Bankrupt!, the follow up to 2009’s Wolfgang Amadeus Phoenix, will sound familiar to the band’s fans from the off, but also represents the first significant aesthetic shift in their oeuvre. Opening track and lead single “Entertainment” has the familiar rolling drums and Thomas Mars’ distinctively soaring vocals that caused the likes of “1901” and “Too Young” to endear themselves to every Sofia Coppola fan’s heart, but it also sets the tone for the album with a rolling surf of synths blurring out the minimalist guitars.
Over the course of the album it’s like the guitars have been washed out to sea never to return, dying like this analogy.

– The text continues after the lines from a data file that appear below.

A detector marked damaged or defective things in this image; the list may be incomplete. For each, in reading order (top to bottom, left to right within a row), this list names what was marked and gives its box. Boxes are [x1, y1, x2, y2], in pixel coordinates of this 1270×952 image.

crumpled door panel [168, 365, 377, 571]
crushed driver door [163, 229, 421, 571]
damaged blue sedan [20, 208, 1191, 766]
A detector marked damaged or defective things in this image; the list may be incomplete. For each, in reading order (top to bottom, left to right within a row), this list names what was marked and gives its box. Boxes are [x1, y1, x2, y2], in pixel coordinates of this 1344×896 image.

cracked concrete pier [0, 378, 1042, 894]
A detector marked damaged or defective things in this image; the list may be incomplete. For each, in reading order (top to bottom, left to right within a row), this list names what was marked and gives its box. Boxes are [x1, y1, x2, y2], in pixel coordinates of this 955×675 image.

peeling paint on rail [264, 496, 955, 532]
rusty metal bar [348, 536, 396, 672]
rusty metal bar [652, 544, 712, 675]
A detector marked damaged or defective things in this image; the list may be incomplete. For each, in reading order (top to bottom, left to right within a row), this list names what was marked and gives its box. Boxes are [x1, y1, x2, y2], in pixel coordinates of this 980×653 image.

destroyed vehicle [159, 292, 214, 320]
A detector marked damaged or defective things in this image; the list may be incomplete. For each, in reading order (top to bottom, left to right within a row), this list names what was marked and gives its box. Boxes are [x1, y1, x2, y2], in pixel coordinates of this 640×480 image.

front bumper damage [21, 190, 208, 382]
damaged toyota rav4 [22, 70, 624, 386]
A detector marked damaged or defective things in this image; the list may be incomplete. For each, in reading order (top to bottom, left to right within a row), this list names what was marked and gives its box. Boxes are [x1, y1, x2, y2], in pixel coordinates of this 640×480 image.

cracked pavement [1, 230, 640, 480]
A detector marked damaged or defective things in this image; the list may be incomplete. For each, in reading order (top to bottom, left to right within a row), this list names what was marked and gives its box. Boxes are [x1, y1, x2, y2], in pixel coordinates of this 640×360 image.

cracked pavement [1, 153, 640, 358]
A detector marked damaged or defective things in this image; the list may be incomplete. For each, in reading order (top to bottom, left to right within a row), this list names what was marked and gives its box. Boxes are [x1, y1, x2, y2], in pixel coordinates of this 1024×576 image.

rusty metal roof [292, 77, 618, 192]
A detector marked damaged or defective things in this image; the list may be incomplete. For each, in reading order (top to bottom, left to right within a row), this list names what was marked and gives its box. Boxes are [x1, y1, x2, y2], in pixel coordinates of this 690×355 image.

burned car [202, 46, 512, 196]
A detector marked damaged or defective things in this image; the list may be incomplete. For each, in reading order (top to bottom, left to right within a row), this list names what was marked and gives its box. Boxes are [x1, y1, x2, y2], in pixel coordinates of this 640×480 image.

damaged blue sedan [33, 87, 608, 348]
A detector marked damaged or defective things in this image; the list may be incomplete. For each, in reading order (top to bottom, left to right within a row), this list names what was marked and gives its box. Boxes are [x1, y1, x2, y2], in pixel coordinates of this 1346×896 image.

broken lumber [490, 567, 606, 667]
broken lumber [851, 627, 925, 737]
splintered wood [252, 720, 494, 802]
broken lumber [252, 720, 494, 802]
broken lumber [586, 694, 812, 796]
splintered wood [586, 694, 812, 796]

Instead it’s all keyboards to the fore, their lightness lifting the album on to a wave of euphoria that gives Mars’ vocals a dreamlike quality; this is less the Williamsburg house party of previous albums, instead a festival in a trance. The “My Girls”-esque title track is a particular highlight, bubbling and frothing unhurried towards a crescendo that never comes, playful misdirection that sees the song slide away as unobtrusively as it arrived. On Bankrupt! Phoenix sounds like a band imposing self-restrictions of minimalism and then exploring every tiny niche found, from the soulful ‘70s funk of “Drakkar Noir” to the heartbroken floatiness of “The Real Thing.”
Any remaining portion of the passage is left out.